Library technical services experts have traditionally produced
records describing the serial literature at the title level. Writ
large, serials control and access is also about discovery and access
to the serial literature at the article level. While continued
application of the principles of shared cataloging and serials
control remain crucial, it is also true that reference linking
and the OpenURL (a standard way to send metadata to a link resolver)
are making it more common for users to move directly from online
citation to e-journal article full text, in the process bypassing
the library catalog and the serial records in it.

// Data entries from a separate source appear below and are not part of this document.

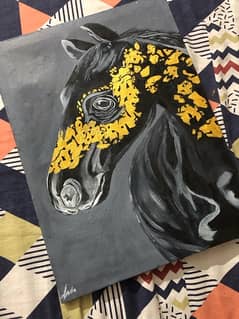 Horse Painting 0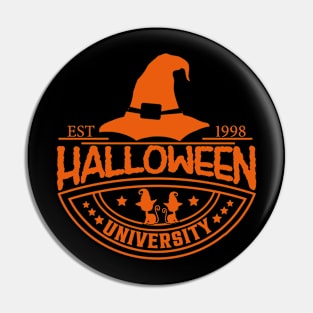 Halloween Halloween University Pin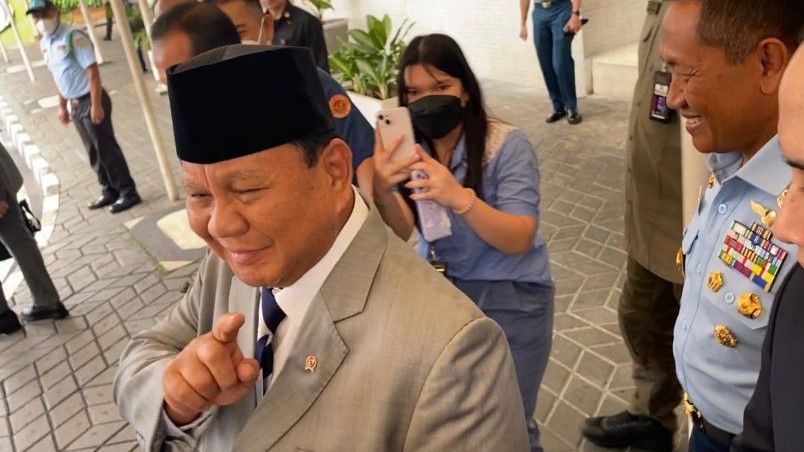 Tanggapi Ajakan PKS Gabung Koalisi untuk Dukung Anies, Begini Respons Prabowo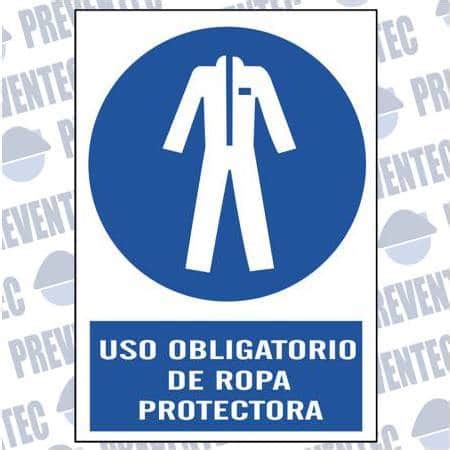 Uso De Ropa Protectora Se Ales De Seguridad Obligaci N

NISO Committee AX: OpenURL framework for context-sensitive services: http://www.niso.org/committees/committee_ax.html
In this new environment, it is appropriate to revisit the assumptions
underlying the cataloging rules for describing serial publications
in library catalogs—more specifically, the rules applied to e-journals. How
much should be included in a catalog record for an e-journal? What
data elements are essential to users? Are all the data elements
required by the cataloging rules for serials necessary for e-journal
records? How much of the record creation and maintenance process
can be automated by re-using e-journal metadata available from
third parties? What is the role of administrative metadata, and
how should it be stored and linked to descriptive metadata?
In July 2002, the Cornell library’s Technical Services Executive
Group charged an Electronic Journal Maintenance Task Force to recommend
(and later implement) new strategies for creating and maintaining
e-journal records. They decided to provide title access to large
numbers of the library’s e-journals from aggregators by creating
and adding to the catalog brief, machine-generated records, called “sleek” records.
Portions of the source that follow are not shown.